For me, the larger point is that we shouldn't confuse the problem of how we think about the future with arguments over genre fiction vs. literary fiction, or autodicats vs. ivy leaguers, or cyber punks vs. cyper preps, because at this stage of the game we're all on the same side. We're all on the outside looking in. And what's really screwed up is that there is no longer a center. There is no longer a middle class. There is no power structure against which we struggle. Our entire society has been hollowed out and emptied. What we're up against (and boy are we up against it) is not a common enemy or some sort of mystic elite, but mass inertia. Mass incompetence. Mass irresponsibility. We're bogged down by everything that is douchy and infantile in our society. Consumerism. Christianism. Celebritism. It's this whole self-centered soup of entertainment that's keeping us from thinking or writing intelligently about anything, much less the future: the waste and detritus of the never-ending now.

So when we do think of the future it is no real future at all. These dystopic futures are a blending of Horror and Science Fiction. We become steampunks or retro-futurists, because we are haunted by the past, seduced by its glamour, burdened by its nightmarish history. Science Fiction becomes not a literature for technocrats but a system of nostalgic associations, signs and countersigns, to which we always return. In this way Science Fiction cedes its most defining feature, cool logic and reason, to the irrationality of horror fiction, where we are free to revisit that which is repressed and painful or to relieve our broken-hearted selves through the romantically and Romantically doomed. As a result, the future is given over to apocalypse, pestilence, zombies, war, and sometimes, the return of ancient squidlike gods. The future is punk (or punk'd) and there is no future, no future for you.

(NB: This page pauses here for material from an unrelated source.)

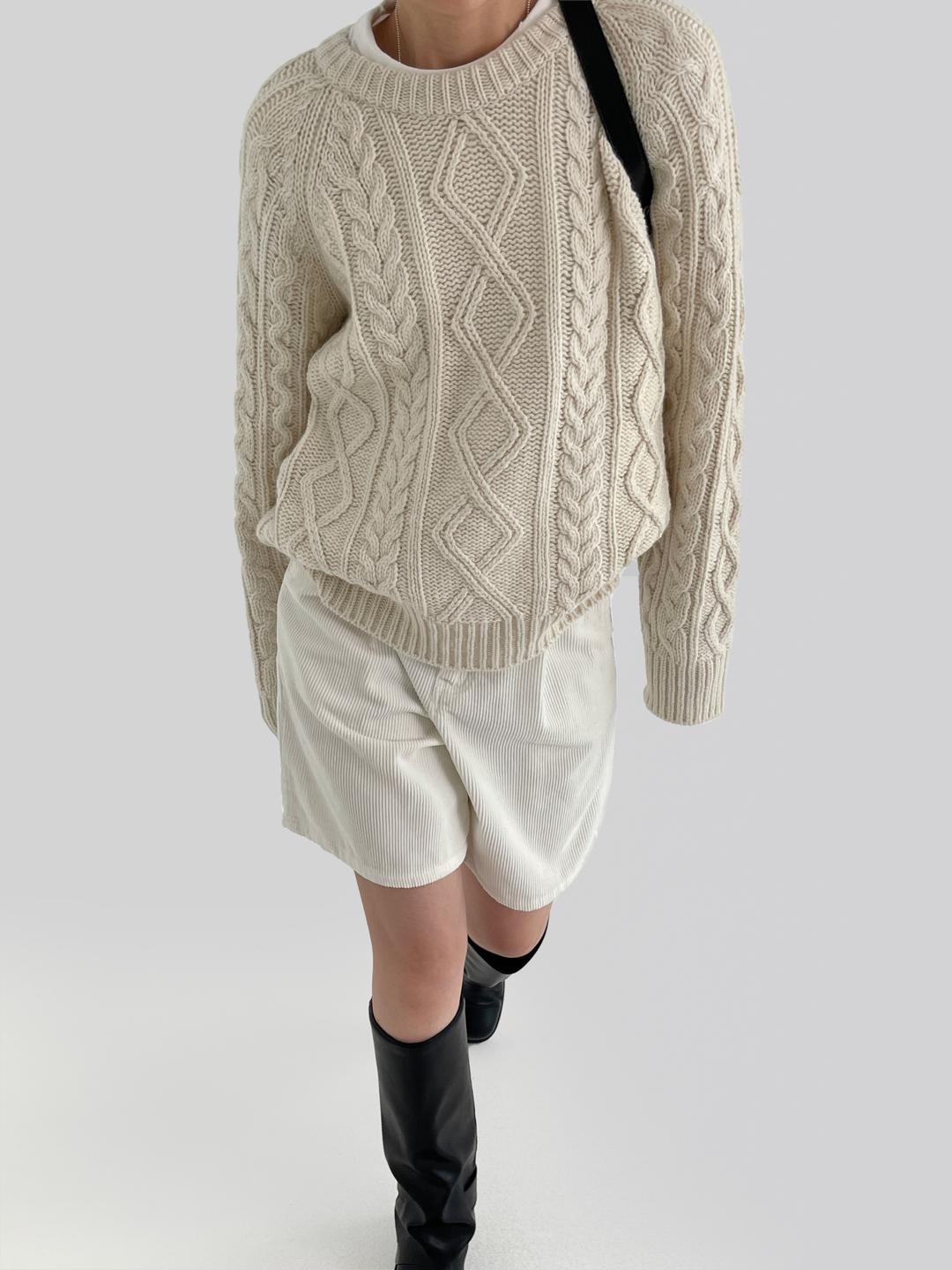 볼드울꽈배기니트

Horror, as a genre, is the literature of despair. It is the literature of an obsessive engagement with the pain of the past that refuses healing. If the goal of art is transformation, if its purpose is to take the past and make something new, or as David Milch says, to transform the pain of the past, in its pastness, into the future tense of joy, then what horror and dystopic science fiction gives us instead is a frozen vision of postponement, deferral, and refusal. The pain always remains, the future does not arrive. It's Lovecraftian and Beckettian.

What I think is missing from our fictions, or has been lost, or abandoned, or has become unfashionable is this ability to imagine joy. Optimism. Utopia. Tomorrowland. Not technocracy, but faith or something like it. This is perhaps where individuality and character intercede.